Linearization techniques let you approximate complex nonlinear systems with simpler linear models. This makes it possible to use the full toolkit of linear control theory (frequency-domain analysis, pole placement, LQR, etc.) for systems that are inherently nonlinear.

The tradeoff is that these linear approximations are only accurate near a chosen operating point. Move too far from that point and the model breaks down. Understanding both the power and the limits of linearization is essential for applying it effectively.

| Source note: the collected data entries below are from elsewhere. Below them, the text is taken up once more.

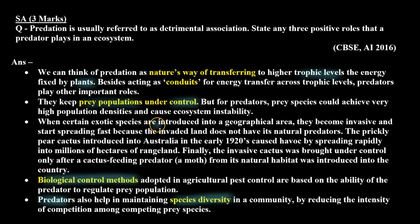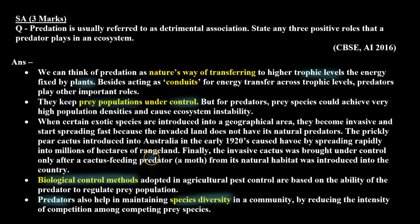When certain exotic species are introduced into a geographical area, they become invasive and start spreading fast because the invaded land does not have their natural predators. The prickly pear cactus introduced into Australia in the early 1920s caused havoc by spreading rapidly into millions of hectares of rangeland. Finally, the invasive cactus was brought under control only after a cactus-feeding predator, a moth from its natural habitat, was introduced into the country.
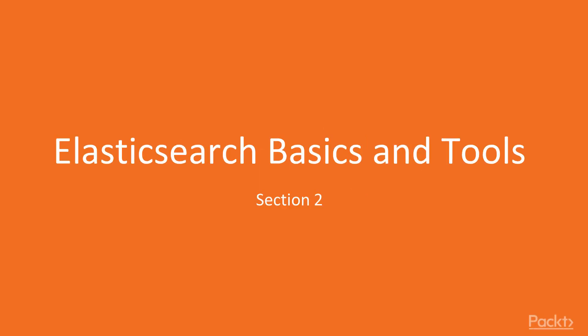Hey everybody and welcome to the section Elasticsearch Basics and Tools. This section is all about digging in and finding out how Elasticsearch works before we really dive into the code, so there won't be any PHP in this section.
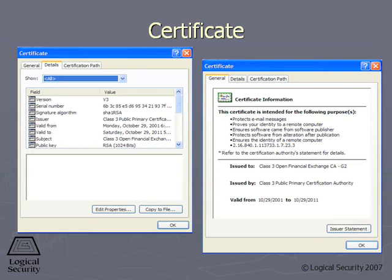They'll have the version number of the standard that's being used, they'll have an individual serial number, the asymmetric algorithm and the hashing algorithm the CA used to sign it.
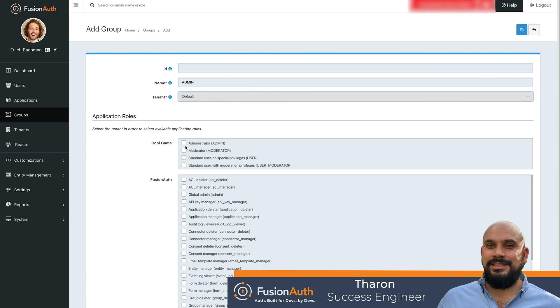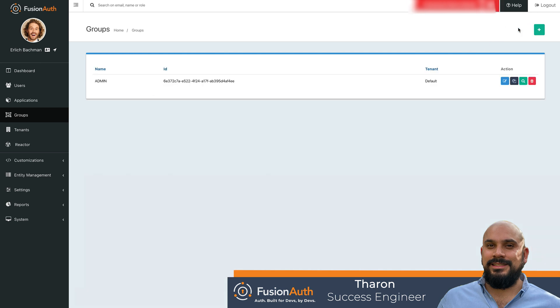We can then select the roles we want to be provisioned automatically to the users within the group. It is important to note that groups and applications are tenant scoped, and so only applications within your selected tenant will be available. Select the admin roles from our applications in this tenant and hit save.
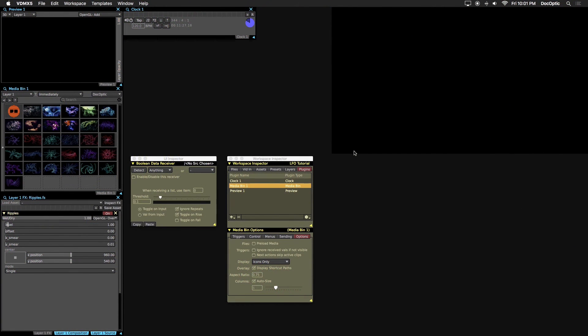This tutorial will give you an overview of the LFO plugin in VDMX and ways it can be used to animate any parameter.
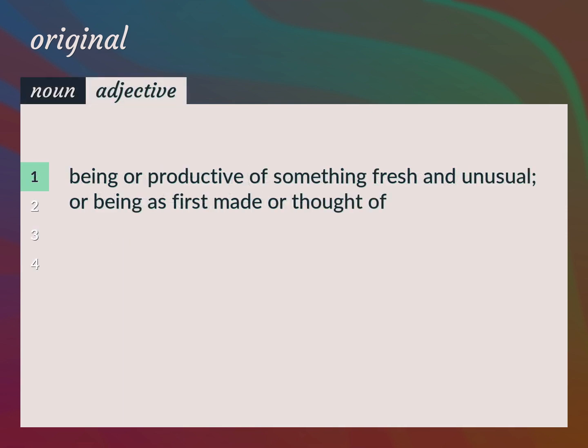Being or productive of something fresh and unusual, or being as first made or thought of. A truly original approach.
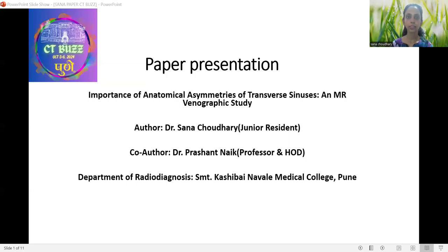The title of the paper presentation is 'Importance of Anatomical Asymmetries of Transverse Sinuses and MR Venographic Study.'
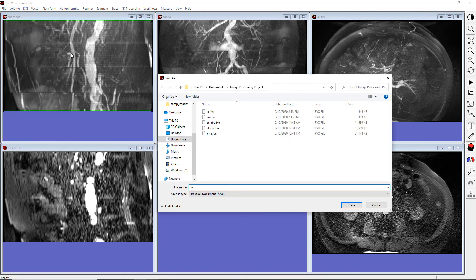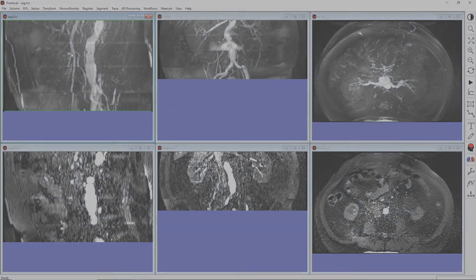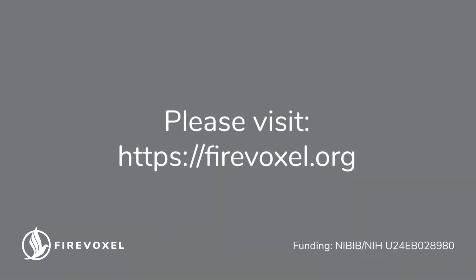And now we have all three maximum intensity projections for this image set. This concludes this tutorial on FireVoxel viewing options. For more information, please visit our website. Thank you.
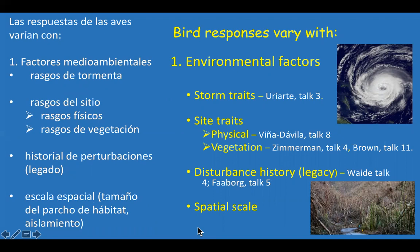Site traits are also important — these include physical traits such as topography, elevation, slope, and aspect. The talk by Nicasio Viña Davila will summarize some of these traits and the response of birds in eastern Cuba to hurricanes. In Puerto Rico, Jess Zimmerman summarizes 30 years of studies of the forest there, identifying traits and responses of species, structure, and forest types to these storms. David Brown's talk compares bird communities on the Gulf Coast before and after a hurricane, examining how forest structure changes the bird community.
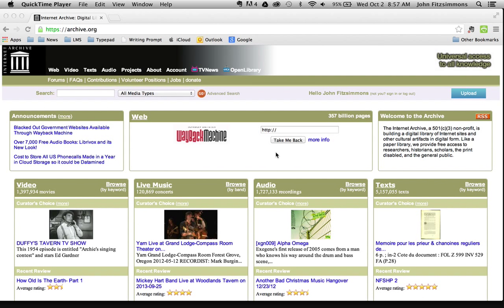As I always say, there's always another and perhaps better way to do things. SoundCloud is awesome for saving podcasts, getting the embed code, and sharing them on a blog as a podcast.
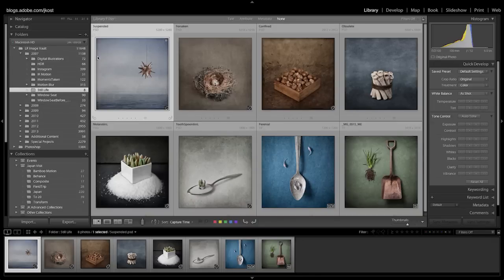We can see here in the library module, in the folders area, that Lightroom is aware of my internal drive. But I have an external drive that's hooked up, but Lightroom's not aware of it.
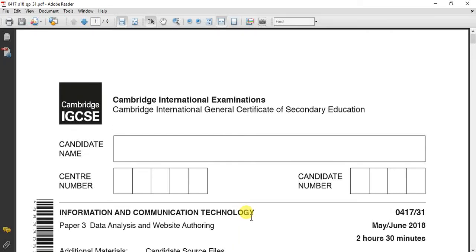Assalamu alaikum and hello again. Today we will solve the spreadsheet or Excel question from the year 2018, May-June session, paper 3.1.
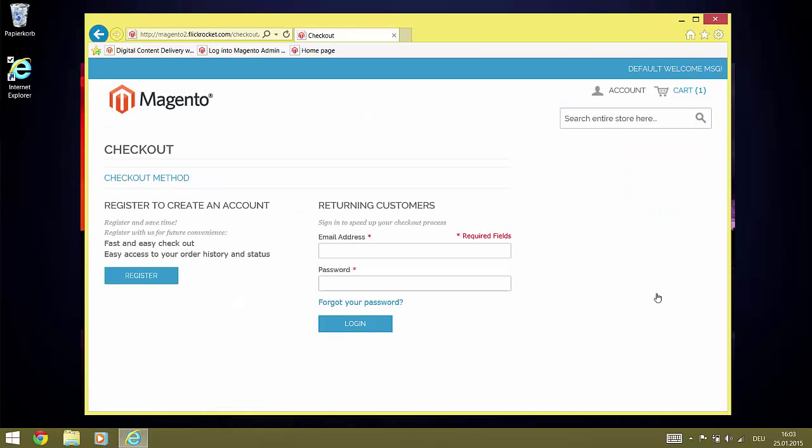Because the content is accessed via authorized access with email and password, each purchase of digital content must be attributed to an account. Even if guest checkout is activated for Magento, the FlickRocket plugin will enforce account creation or usage if at least one digital product is in the shopping cart. For this demo, we will register a new account.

Linearization of nonlinear systems

Linearization approximates a nonlinear system with a linear model so you can apply standard linear control techniques. The linearized model is valid in the vicinity of an operating point, which means it captures the system's local behavior rather than its full nonlinear dynamics.

Importance of linearization

Most real-world systems are nonlinear, but decades of powerful tools exist for linear systems. Linearization bridges that gap. Once you have a linear model, you can use frequency-domain analysis, root locus, state-space methods, and other well-established techniques to analyze stability and design controllers.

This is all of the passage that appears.